By pricing the previously free externality of GHGs, carbon taxes recognize that these emissions have a social cost that should be accounted for. In other words, polluters should pay for their pollution. The revenues generated by the tax can be used to defray other government costs or reduce other forms of taxation (and thus be "revenue-neutral") or be invested in clean energy systems that help societies transition away from carbon-intensive fuels.
But the primary purpose of carbon taxes is to incentivize industries to emit less. Costs give companies a bottom-line reason to scale-up low carbon sources in their energy mix and to use energy more efficiently. Tax systems do not dictate how these changes take place — they leave it to the companies to find solutions that work best for their own particular interest.
Taxing carbon emissions or creating markets for trading emissions credits call on the capacities of different players across entire sectors to find solutions that work for them. Governments set the regulation, and then largely get out of the way.
These approaches are gaining steam.
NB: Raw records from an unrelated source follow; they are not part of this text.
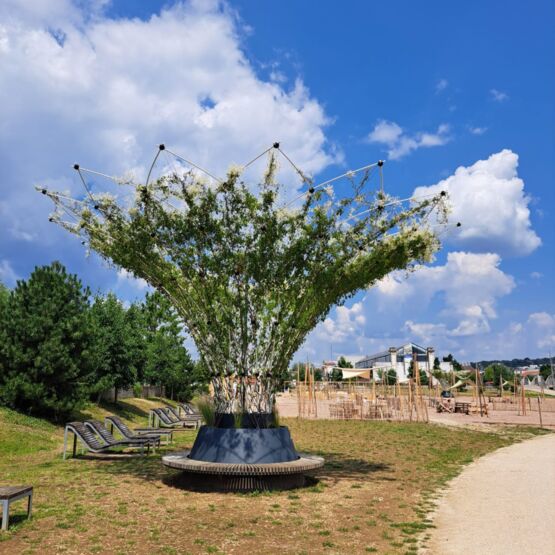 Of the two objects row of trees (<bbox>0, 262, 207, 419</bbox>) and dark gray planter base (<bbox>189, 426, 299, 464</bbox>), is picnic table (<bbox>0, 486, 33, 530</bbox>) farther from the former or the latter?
row of trees (<bbox>0, 262, 207, 419</bbox>)

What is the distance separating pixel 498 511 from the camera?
7621 millimetres

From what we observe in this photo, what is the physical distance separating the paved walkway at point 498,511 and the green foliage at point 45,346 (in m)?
13.0

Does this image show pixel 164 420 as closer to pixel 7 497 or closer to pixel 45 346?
pixel 45 346

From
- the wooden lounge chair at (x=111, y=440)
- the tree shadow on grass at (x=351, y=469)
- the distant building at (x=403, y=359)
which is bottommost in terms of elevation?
the tree shadow on grass at (x=351, y=469)

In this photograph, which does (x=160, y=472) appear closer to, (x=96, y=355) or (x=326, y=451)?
(x=326, y=451)

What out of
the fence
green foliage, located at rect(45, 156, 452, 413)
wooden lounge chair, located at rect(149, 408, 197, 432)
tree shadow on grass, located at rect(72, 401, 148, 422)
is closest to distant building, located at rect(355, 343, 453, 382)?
the fence

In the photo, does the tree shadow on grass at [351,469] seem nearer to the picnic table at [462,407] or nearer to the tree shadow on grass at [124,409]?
the tree shadow on grass at [124,409]

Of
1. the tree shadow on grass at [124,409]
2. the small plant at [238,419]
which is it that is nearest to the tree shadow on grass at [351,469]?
the small plant at [238,419]

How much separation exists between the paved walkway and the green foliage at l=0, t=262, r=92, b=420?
511 inches

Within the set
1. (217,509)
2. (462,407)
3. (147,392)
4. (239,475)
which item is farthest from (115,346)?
(462,407)

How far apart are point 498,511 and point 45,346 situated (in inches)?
583

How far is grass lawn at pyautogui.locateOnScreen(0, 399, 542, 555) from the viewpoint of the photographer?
588 cm

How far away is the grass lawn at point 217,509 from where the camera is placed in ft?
19.3

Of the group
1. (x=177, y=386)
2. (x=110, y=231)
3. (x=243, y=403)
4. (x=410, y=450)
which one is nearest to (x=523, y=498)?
(x=243, y=403) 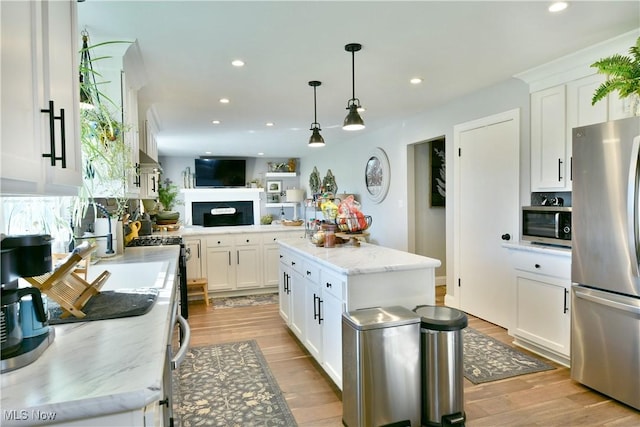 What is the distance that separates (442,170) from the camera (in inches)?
222

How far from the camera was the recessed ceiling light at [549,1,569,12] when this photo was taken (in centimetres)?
221

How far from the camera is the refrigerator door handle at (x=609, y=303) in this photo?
2172 mm

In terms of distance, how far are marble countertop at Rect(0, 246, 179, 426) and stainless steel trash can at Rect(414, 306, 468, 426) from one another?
1.39m

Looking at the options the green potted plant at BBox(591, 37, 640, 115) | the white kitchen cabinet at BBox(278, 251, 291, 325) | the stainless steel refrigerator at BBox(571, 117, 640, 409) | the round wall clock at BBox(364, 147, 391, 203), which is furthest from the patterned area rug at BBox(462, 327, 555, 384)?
the round wall clock at BBox(364, 147, 391, 203)

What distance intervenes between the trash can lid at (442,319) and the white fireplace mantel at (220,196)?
26.1ft

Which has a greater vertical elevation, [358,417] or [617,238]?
[617,238]

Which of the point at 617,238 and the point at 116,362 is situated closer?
the point at 116,362

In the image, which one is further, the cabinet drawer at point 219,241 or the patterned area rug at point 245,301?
the cabinet drawer at point 219,241

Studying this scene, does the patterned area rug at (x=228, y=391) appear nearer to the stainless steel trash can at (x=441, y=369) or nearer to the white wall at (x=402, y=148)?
the stainless steel trash can at (x=441, y=369)

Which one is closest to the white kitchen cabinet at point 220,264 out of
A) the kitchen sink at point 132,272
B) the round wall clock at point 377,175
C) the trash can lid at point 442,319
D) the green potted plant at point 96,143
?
the round wall clock at point 377,175

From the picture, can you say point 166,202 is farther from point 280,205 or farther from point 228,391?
point 228,391

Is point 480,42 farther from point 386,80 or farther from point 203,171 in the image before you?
point 203,171

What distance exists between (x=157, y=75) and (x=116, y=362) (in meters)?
3.04

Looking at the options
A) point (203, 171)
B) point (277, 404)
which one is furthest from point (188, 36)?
point (203, 171) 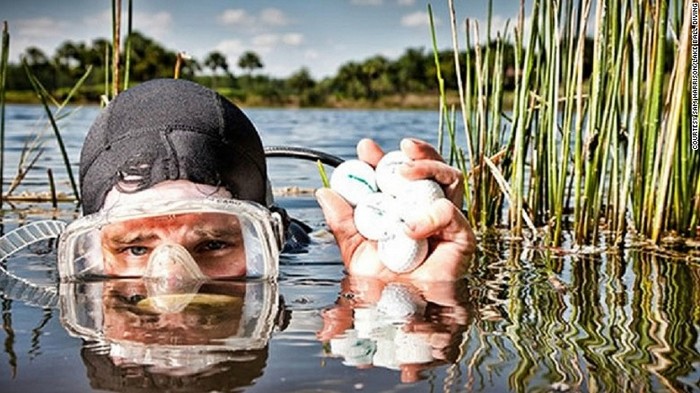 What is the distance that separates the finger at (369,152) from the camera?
9.46ft

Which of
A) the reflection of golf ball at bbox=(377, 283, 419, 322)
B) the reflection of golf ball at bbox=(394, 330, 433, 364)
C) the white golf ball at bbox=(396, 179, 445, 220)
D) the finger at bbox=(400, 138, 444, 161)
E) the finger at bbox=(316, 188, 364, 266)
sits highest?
the finger at bbox=(400, 138, 444, 161)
In April 2016, a high-level panel convened by the heads of the World Bank and the International Monetary Fund, Jim Kim and Christine Lagarde, announced the goals of expanding the amount of GHGs covered by carbon prices from roughly 12 percent currently to 25 percent in 2020 and 50 percent the following decade. China is moving this year from piloted sub-national carbon pricing schemes to a national system that covers a large portion of its economy. South Korea and Japan have existing pricing schemes and work is underway to help these countries cooperate on their carbon pricing policies. Elsewhere in Asia, a raft of countries are exploring carbon pricing options, and there are signals that these tools might spread more widely.
Singapore’s recent moves are therefore both a sign of the times and an important early step. Domestically, Singapore sees the carbon tax as a way to, in the words of Finance Minister Heng Swee Keat, “spur the creation of new opportunities in green growth industries such as clean energy.” The tax will do this through both the costs it places on burning fossil fuels and the revenue it generates.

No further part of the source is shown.